The disaster has become a proxy battle where existing political divides are playing out—and where the failings of both of the contemporary parties are on clear display. The Democratic Party struggles to respond effectively to a crisis with empathy rather than technocratic policy lectures. The Trump-era Republican Party, meanwhile, says all the right things and advocates for all the wrong ones.

The conversation on the right is especially revealing. Some factions of conservative media have accused the mainstream press and Democratic establishment of ignoring the story, though in fact Fox News was just as late as its competitors. Nonetheless, Trump and other MAGA-minded Republicans, like Ohio’s newly elected senator, J. D. Vance, have embraced East Palestine as an example of how the Democratic Party has abandoned white working-class areas of the industrial Midwest. Tucker Carlson has gone farther, arguing that the response has been slow because the town is conservative and largely white.

The derailment is a curious type of crisis, because the material effects are so unclear. Unlike some other recent rail catastrophes, no one died in the initial derailment and fire—contrast that with the 47 people who died in a 2013 wreck in Quebec, near the U.S. border. The longer-term environmental effects are still uncertain. State and federal authorities claim that the water is safe to drink and that the chemicals that burned shouldn’t have long-term health harms. Many residents, who were evacuated, experienced odors and rashes, and saw the flames, are understandably not convinced.

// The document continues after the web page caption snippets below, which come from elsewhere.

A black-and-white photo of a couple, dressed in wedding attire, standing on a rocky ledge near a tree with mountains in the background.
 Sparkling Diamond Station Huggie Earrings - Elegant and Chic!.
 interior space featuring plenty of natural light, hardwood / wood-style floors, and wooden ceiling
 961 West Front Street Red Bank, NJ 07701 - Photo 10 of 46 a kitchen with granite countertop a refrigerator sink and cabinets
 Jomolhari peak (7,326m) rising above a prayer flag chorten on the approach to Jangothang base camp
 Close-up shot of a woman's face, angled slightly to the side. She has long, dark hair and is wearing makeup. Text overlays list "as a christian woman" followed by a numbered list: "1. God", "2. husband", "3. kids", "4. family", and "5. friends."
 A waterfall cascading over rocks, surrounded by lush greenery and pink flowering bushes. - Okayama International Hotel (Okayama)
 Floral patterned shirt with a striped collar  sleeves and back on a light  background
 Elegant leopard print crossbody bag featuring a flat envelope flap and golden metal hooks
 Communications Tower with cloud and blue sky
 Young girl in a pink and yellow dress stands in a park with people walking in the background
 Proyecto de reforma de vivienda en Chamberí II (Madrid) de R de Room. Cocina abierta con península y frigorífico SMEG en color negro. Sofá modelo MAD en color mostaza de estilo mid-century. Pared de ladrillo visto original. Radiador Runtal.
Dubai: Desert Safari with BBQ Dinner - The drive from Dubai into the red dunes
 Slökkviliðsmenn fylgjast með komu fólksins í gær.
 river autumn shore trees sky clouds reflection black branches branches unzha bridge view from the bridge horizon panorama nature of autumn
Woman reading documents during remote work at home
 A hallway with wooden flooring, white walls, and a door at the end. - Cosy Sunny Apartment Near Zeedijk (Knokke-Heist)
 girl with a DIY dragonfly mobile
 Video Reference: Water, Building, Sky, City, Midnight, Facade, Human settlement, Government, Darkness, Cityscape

Both the diagnosis and policy ideas that the MAGA Republicans have advanced offer little hope. Speaking in East Palestine on Wednesday, Trump claimed that the Biden administration had offered assistance only because he had come to visit. “They were intending to do absolutely nothing for you,” he said. Vance made a similar charge. But Governor Mike DeWine, a Republican, though not close to Trump, said he had declined federal assistance: “Look, the president called me and said, ‘Anything you need.’ I have not called him back after that conversation. We will not hesitate to do that if we’re seeing a problem or anything, but I’m not seeing it.” The EPA did eventually move to take over the disaster response, likely in part because of pressure from Trump—but that’s different from ignoring the situation.

Vance has offered a more interesting perspective, describing a disaster that “stands at the intersection of corporate power and government power.” He’s right, and he’s also right that many residents of the region don’t trust the federal government. But these points run into the fundamental paradox of MAGA, which is the mullet of politics: populist in the front, corporatist in the back. Vance has said he wants to see higher fines for corporations like Norfolk Southern, the railroad whose train crashed. Yet when Trump was in office (as the Biden White House has been eager to point out), his signature initiatives included rolling back environmental regulations, cutting fines to corporate wrongdoers, and reducing government oversight. That even extended to eliminating rules around safety for trains transporting chemicals.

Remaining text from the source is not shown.